There are of course differences within gender categories, issues of intersectionality and critiques of such a binary construction of gender. These are big and important issues, but beyond the scope of this post. My point here is simply that if we are to talk about a gender wage gap, then it seems reasonable to also talk about it at a collective and aggregated level.

At this aggregate level, the shares of total wages going to men and to women, and the substantial difference between the two is important because money is not neutral, or simply a conveniently exchange mechanism. It is a store of wealth and an enabler of access to goods and services.

It matters to gender relations and the structures of society that men as a group have access to $200bn a year more cash than women as a group (or that women’s access to that extra money is mediated by men at home or by the state at large). That money enables men as a whole to do more things (or more economically rewarded things) than women, to occupy public space and power, and to command greater aggregate purchasing power to be met by market production.

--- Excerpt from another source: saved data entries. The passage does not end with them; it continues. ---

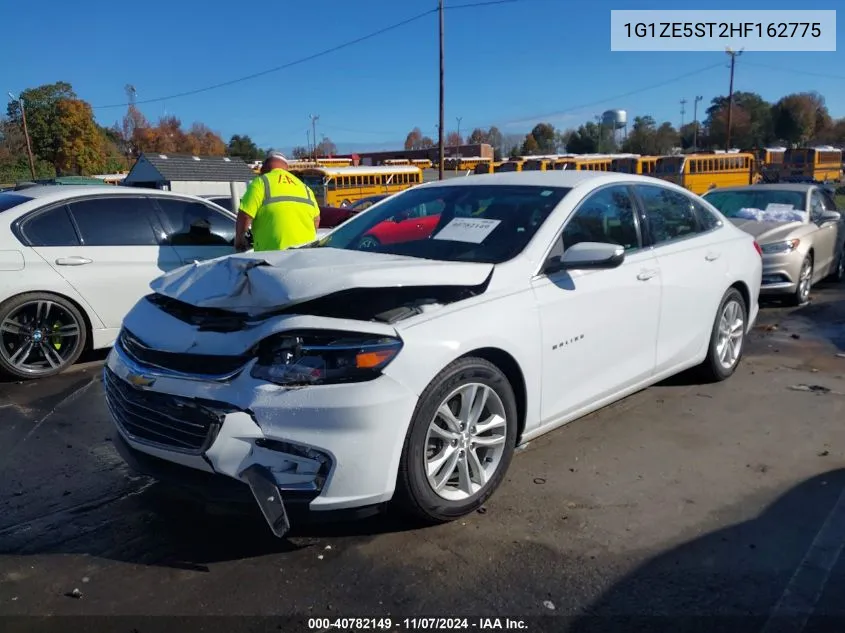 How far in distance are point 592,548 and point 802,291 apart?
6827 millimetres

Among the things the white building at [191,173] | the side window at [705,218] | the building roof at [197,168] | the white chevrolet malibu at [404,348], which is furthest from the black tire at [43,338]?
the building roof at [197,168]

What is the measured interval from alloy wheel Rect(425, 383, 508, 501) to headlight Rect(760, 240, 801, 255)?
20.2 feet

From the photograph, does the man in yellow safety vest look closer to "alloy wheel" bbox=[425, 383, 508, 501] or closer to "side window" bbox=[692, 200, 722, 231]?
"alloy wheel" bbox=[425, 383, 508, 501]

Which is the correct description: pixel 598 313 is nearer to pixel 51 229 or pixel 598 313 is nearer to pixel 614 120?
pixel 51 229

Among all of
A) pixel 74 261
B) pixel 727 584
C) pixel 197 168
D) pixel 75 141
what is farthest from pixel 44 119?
pixel 727 584

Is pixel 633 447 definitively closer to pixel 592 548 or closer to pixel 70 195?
pixel 592 548

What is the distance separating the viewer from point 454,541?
3076 millimetres

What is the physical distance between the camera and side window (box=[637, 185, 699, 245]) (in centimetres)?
449

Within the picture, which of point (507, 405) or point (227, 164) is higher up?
point (227, 164)

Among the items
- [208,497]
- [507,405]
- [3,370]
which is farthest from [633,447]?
[3,370]

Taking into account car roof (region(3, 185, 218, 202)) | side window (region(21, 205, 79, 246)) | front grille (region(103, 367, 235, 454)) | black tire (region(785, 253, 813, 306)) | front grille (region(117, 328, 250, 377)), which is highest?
car roof (region(3, 185, 218, 202))

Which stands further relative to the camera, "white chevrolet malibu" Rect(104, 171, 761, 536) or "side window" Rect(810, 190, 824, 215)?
"side window" Rect(810, 190, 824, 215)

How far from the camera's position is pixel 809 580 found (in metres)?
2.76

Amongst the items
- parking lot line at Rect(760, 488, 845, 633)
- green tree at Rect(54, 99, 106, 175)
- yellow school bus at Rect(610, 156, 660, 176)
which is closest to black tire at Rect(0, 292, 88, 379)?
parking lot line at Rect(760, 488, 845, 633) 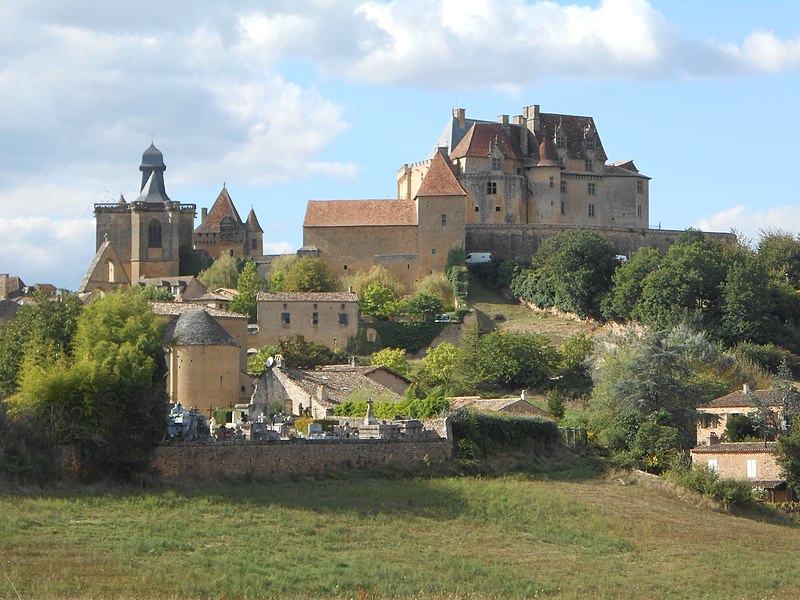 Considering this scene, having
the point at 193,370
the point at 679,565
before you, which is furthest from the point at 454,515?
the point at 193,370

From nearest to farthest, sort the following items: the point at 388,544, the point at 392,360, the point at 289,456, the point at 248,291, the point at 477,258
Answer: the point at 388,544 < the point at 289,456 < the point at 392,360 < the point at 248,291 < the point at 477,258

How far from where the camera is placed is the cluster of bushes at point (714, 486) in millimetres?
43750

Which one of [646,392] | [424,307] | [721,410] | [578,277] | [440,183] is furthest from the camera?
[440,183]

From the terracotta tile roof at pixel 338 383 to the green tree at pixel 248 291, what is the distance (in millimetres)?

A gendered labour market not only reflects inequalities, it begets further inequality.

Concluding Directions

I am not claiming that gender differences are limited or reducible to the economic sphere, or determined by economic forces. But I am trying to move away from individualist economics, and in this instance, mainstream theories of the gender wage gap as being a result of differences in human capital or household income maximisation strategies. I am arguing for a more macro-level and structural analysis.

In a future post I may use the gender wage share data to track changes over time (spoiler: the female wage share has increased with greater labour market participation, but tracks a bit differently to the more traditional gender wage gap data). For now though, I am simply putting the $200bn figure out there and challenging anyone to say that an aggregate flow of that amount of money is not important.